» **Work item**: An exact copy of the lines from the start of the material below through the line containing "brokeNCYDE Im Not" is the required answer, and it includes no pictures.

» **Given records**:
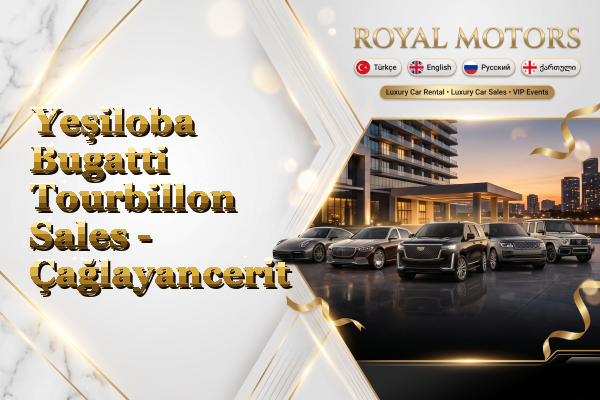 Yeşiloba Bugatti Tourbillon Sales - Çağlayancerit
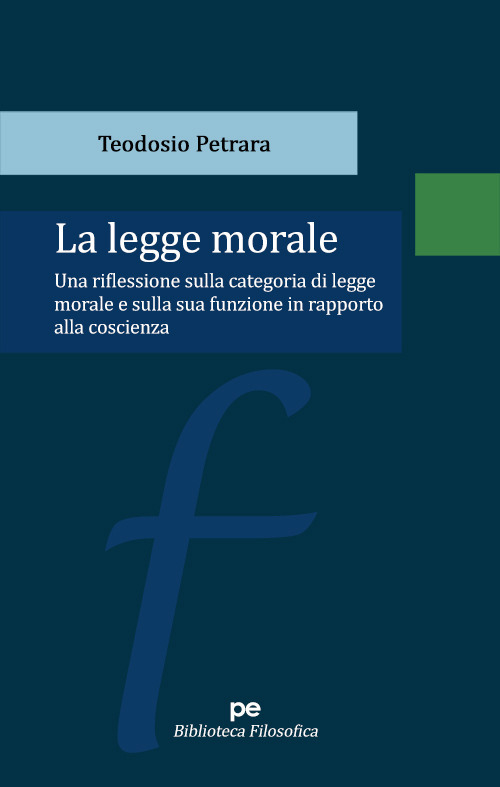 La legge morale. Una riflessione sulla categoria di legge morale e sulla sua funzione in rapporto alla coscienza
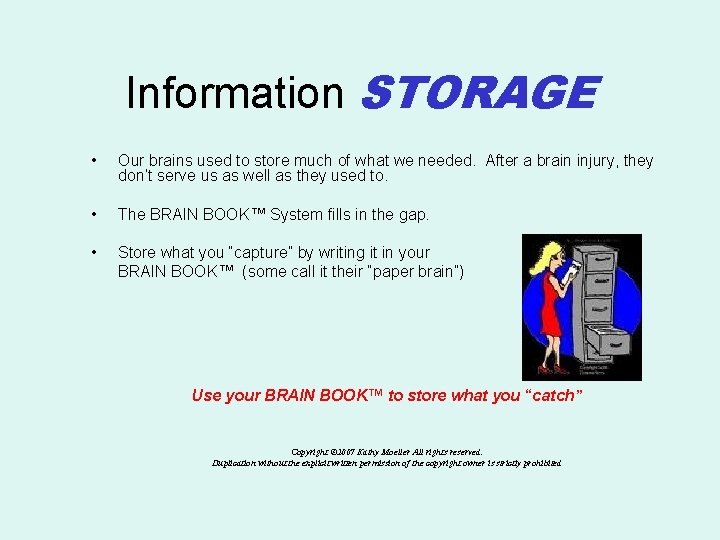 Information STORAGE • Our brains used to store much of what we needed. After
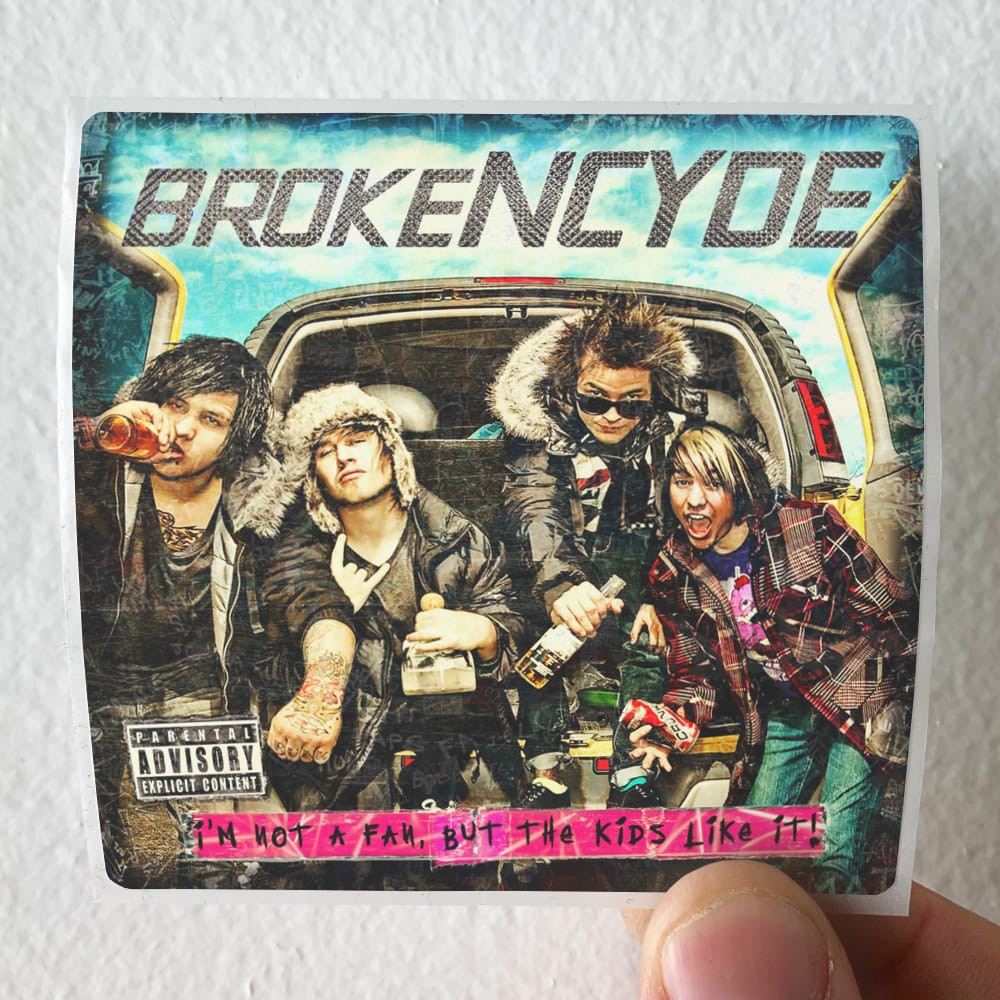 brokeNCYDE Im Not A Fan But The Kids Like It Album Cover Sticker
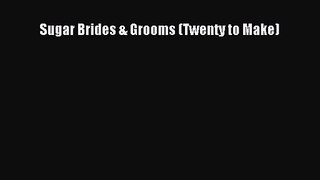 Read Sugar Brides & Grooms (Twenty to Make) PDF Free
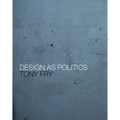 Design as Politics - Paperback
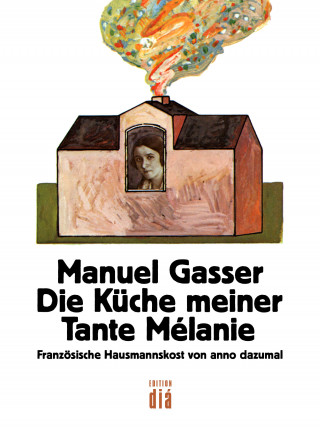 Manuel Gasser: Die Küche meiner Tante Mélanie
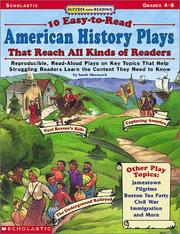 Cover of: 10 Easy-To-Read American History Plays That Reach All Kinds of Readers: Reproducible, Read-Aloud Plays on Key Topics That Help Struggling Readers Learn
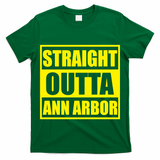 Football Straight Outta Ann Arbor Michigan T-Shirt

» **Solution**:
 Yeşiloba Bugatti Tourbillon Sales - Çağlayancerit
 La legge morale. Una riflessione sulla categoria di legge morale e sulla sua funzione in rapporto alla coscienza
 Information STORAGE • Our brains used to store much of what we needed. After
 brokeNCYDE Im Not A Fan But The Kids Like It Album Cover Sticker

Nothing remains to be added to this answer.